The rate of annual house price growth slowed for the tenth successive month in March to 0.7%, compared to 5.1% a year ago, the Your Move House Price Index for England and Wales found.
The average house price in England and Wales is now £301,490, up £130 on a month earlier and just £1,985 up on a year ago.
Prices fell in London and the South East but continue to grow elsewhere with six out of the 10 regions recently setting new peak average prices.
Oliver Blake, managing director of Your Move and Reeds Rains estate agents, said: “The slowdown in London and the South East is now well established.
“Yet the performance of many of our key cities and regions elsewhere shows that there’s still life in the market yet.”
The market’s significantly slowed since its peak in February 2016, when house prices were growing at 9.0% annually, but the slowdown is much more pronounced in London and the South East than elsewhere.
Excluding those two regions, the rest of England and Wales has seen prices grow at a more solid 2.6%, and other cities continue to power on, such as Bristol, with 8.4% annual growth.
Even within London, there are exceptions for example, Kensington and Chelsea, for instance, has seen prices increase by close to a third in the last year. And, whilst transactions levels are down, with an estimated 63,500 completed in March, that’s 6% higher than February.
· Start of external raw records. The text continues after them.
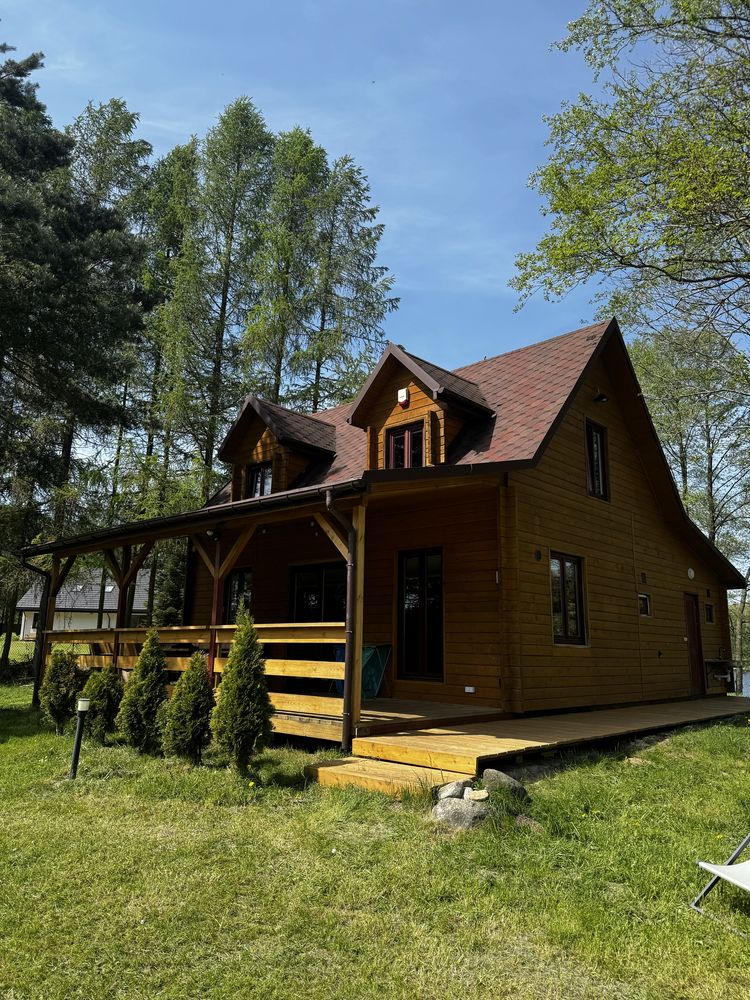 Domek dom nad jeziorem pomost plaża SAUNA jezioro mazury kajaki WINIEC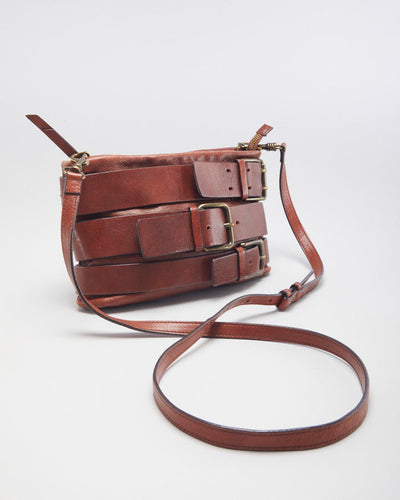 Massimo Dutti Leather Buckle Crossbody Bag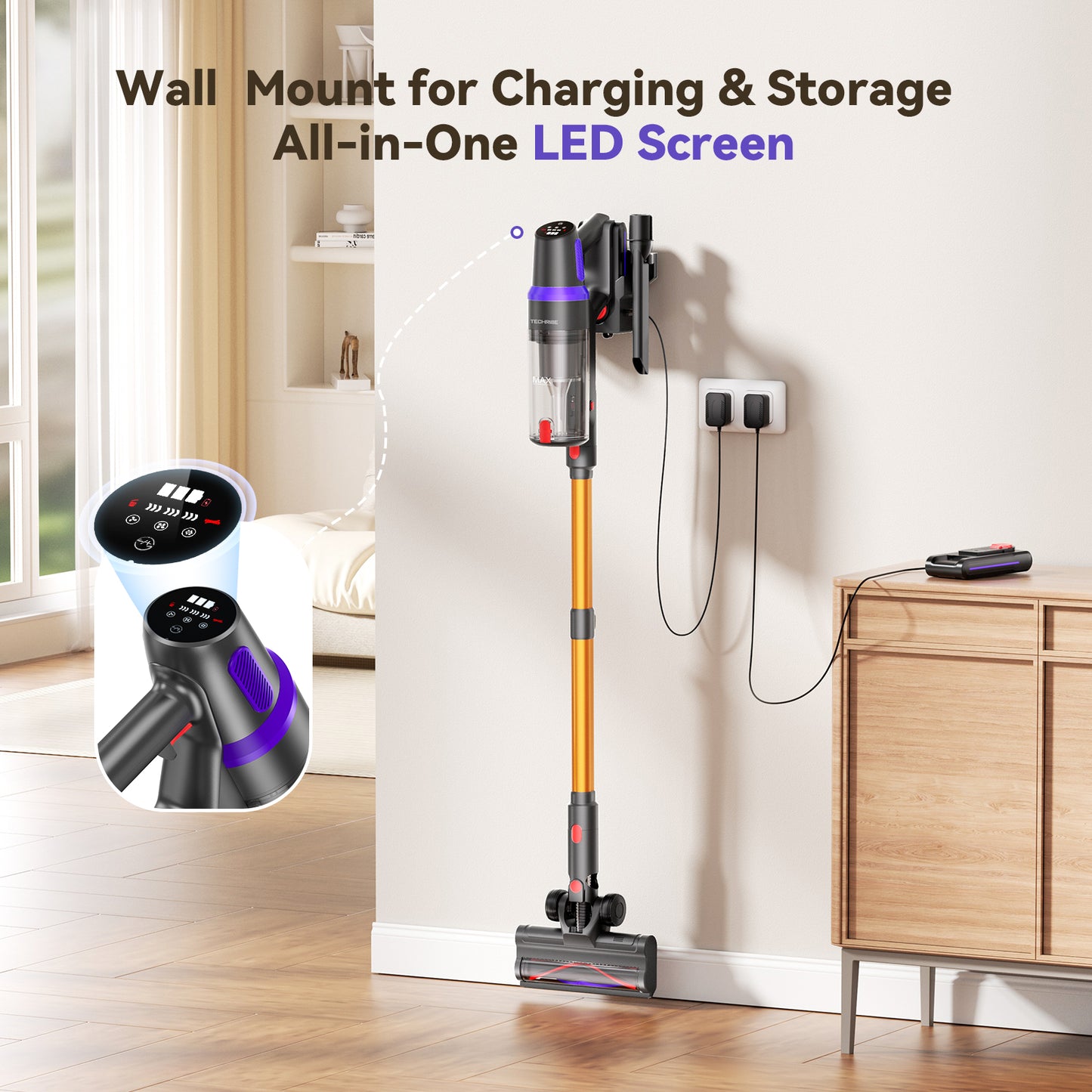 TechRise Cordless Vacuum Cleaner for Home, Powerful Suction Stick Vacuum with Tangle-Free Brush, Up to 60 Min Runtime, 8-in-1 Versatile & Self-Standing for Hardwood Floors, Carpets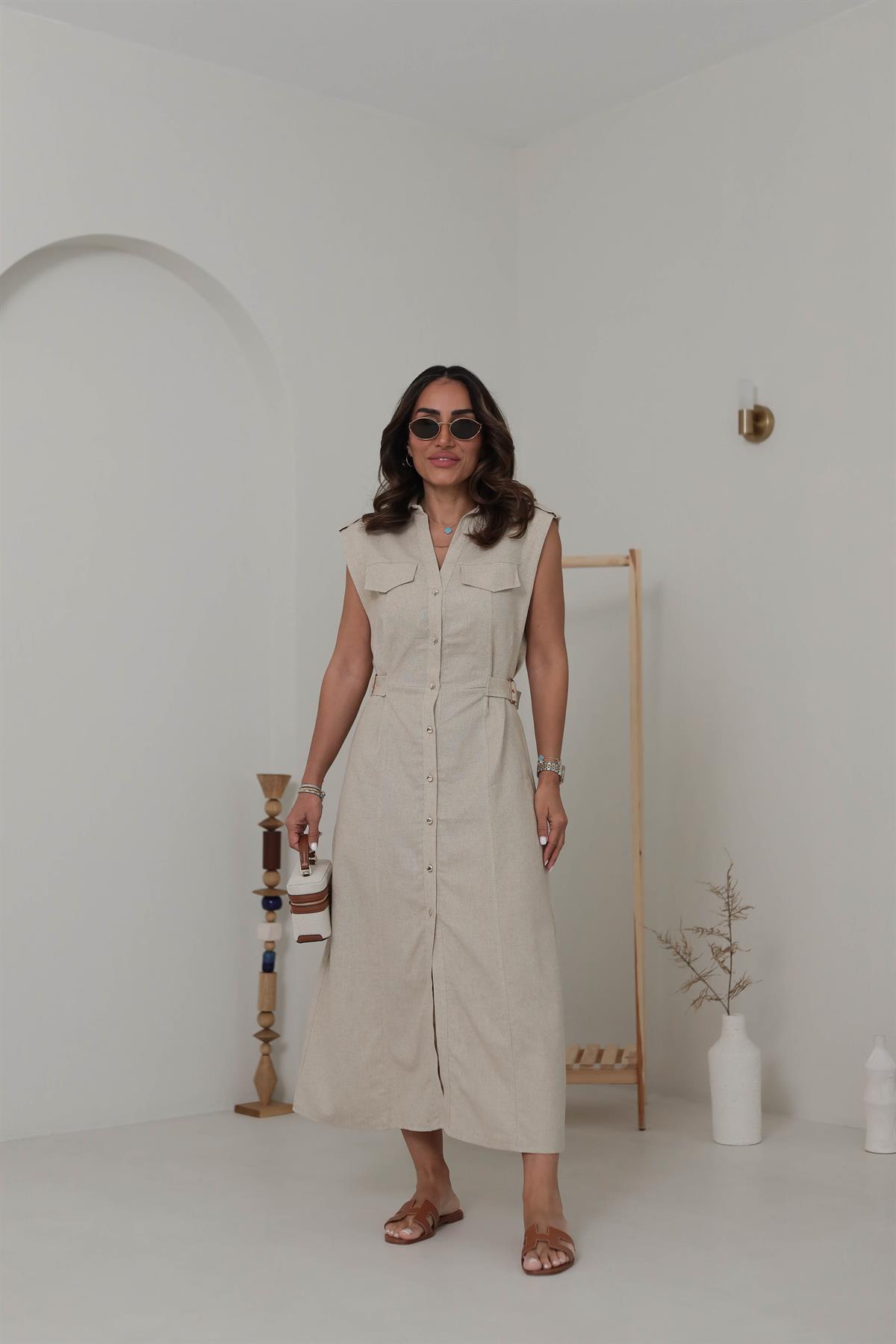 0473 Yanı Tokalı Keten Elbise TAŞ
Outside London, at least nine of the major cities in England & Wales set new peak prices in February, led by Bristol in the South West with 8.4% annual growth, but with cities across England and Wales showing strong growth.
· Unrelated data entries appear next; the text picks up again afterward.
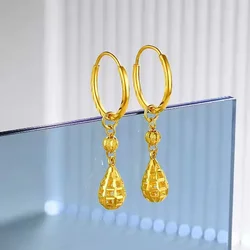 Fine Jewelry Real 18K Gold Water Drop Earrings for Women Fashion 999 Gold Earrings Wedding Party Christmas Jewelry Gifts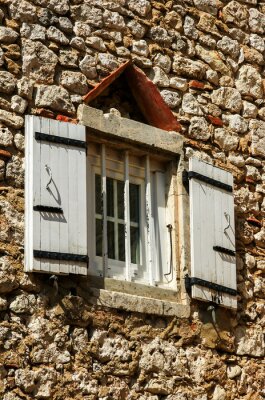 Papier peint  Fenêtre sur une maison en pierre
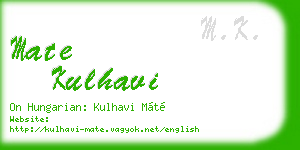 mate kulhavi business card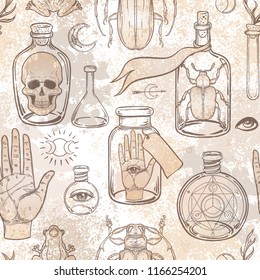 Mystic, magic, background. Religion and the occultism with esoteric and masonic symbols. Medieval manuscript inspired. Vector seamless pattern in retro style. Repeating Trendy stylish texture.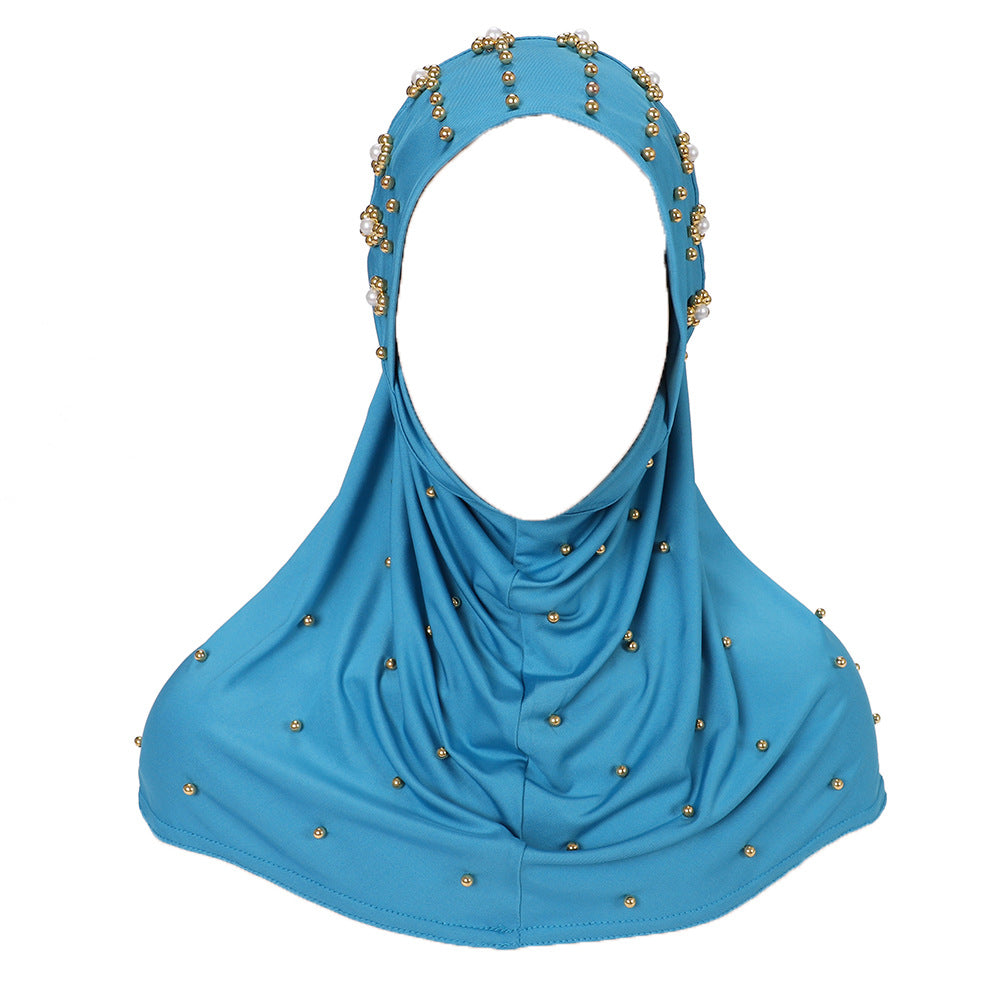 New Pearl-Studded Solid Color Instant Hijab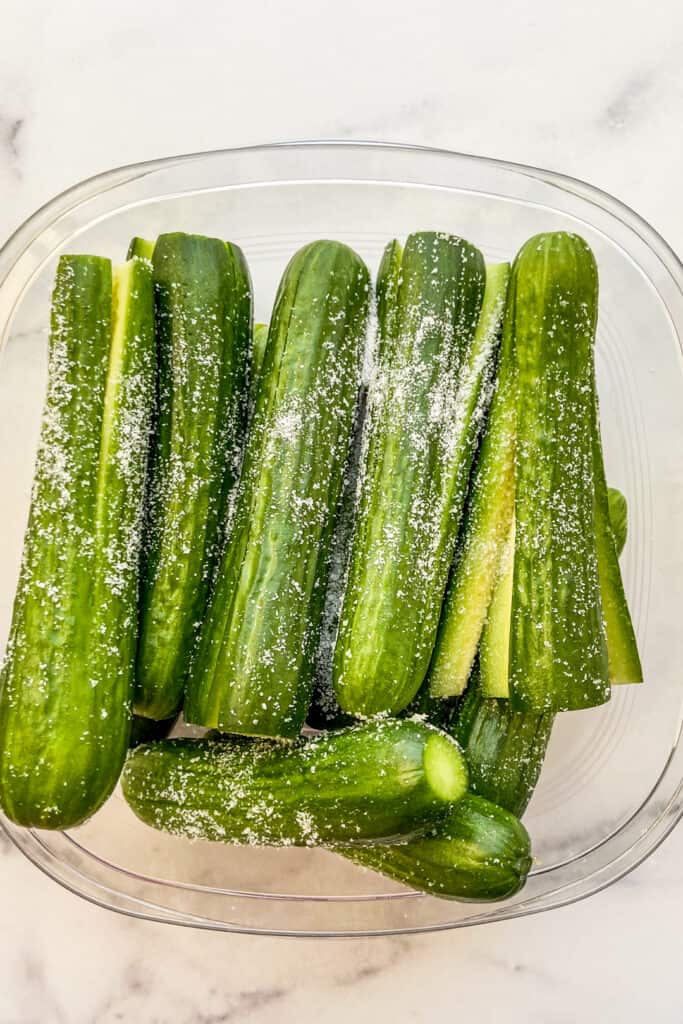 Salted cucumbers in a plastic container.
They include Merseyside (up 5.7%) and Greater Manchester (5.1%) in the North West; Leicester (5.8%) and Derby (4.0%) in the East Midlands.
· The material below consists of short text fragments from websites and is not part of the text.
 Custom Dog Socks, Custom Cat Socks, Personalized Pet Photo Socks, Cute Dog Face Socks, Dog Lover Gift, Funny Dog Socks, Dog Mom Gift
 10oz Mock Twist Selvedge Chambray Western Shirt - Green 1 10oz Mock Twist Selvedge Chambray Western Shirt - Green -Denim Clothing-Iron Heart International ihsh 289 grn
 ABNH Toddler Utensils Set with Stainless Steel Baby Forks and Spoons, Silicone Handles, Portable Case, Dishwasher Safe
It also includes Birmingham (3.5%), West Yorkshire, Leeds, in Yorks and Humber (3.7%); and Cardiff in Wales (up 5.8%).
Growth in its two major population centres is supported by strong performance elsewhere, with 10.3% annual growth in Warrington and 14.1% in Blackburn with Darwen, the fastest annual growth outside Rutland – up 16.5%.
Nottingham (up 6.9% annually), Nottinghamshire (5.6%) and Leicester (5.8%) have all grown strongly in the last year.
Average prices in the latter are up 3.5% annually, due not only to Bristol’s performance, but also good performance from Bournemouth (6.2%), Cornwall (5.6%), Torbay (8.4%) and North Somerset (12.7%).
Prices in London fell for the third month in a row in February, dropping by 0.7% to leave the average property in the capital worth £602,539, down 1.5% on last year.
Unlike previous months, price falls are no longer concentrated in the most expensive boroughs: the top 11 of London’s 33 boroughs have actually seen the smallest fall over the 12 months to March.
This is down just 0.2%, compared to 4% among the mid-priced boroughs and 0.3% in the cheapest 11.
However this is almost entirely due to a massive 30.7% annual increase in the average price in Kensington and Chelsea, London’s most expensive borough.
These transactions, each for prices over £10m, pushed the average price in the borough to a new peak of £2,570,950.
By contrast, other high end areas have seen big falls in the last 12 months, including a 15.9% drop in prices in Wandsworth, 14.7% for Richmond upon Thames and 11.4% in the City of London.
Overall, cheaper property in London does remain more robust, with the 11 lowest priced areas accounting for almost half the 11 boroughs to still report increases in the last year.
Only Redbridge, the 12th cheapest borough in London, grew stronger, up 6.2%. It was also the only borough, other than Kensington and Chelsea, to set a new peak average price in the month.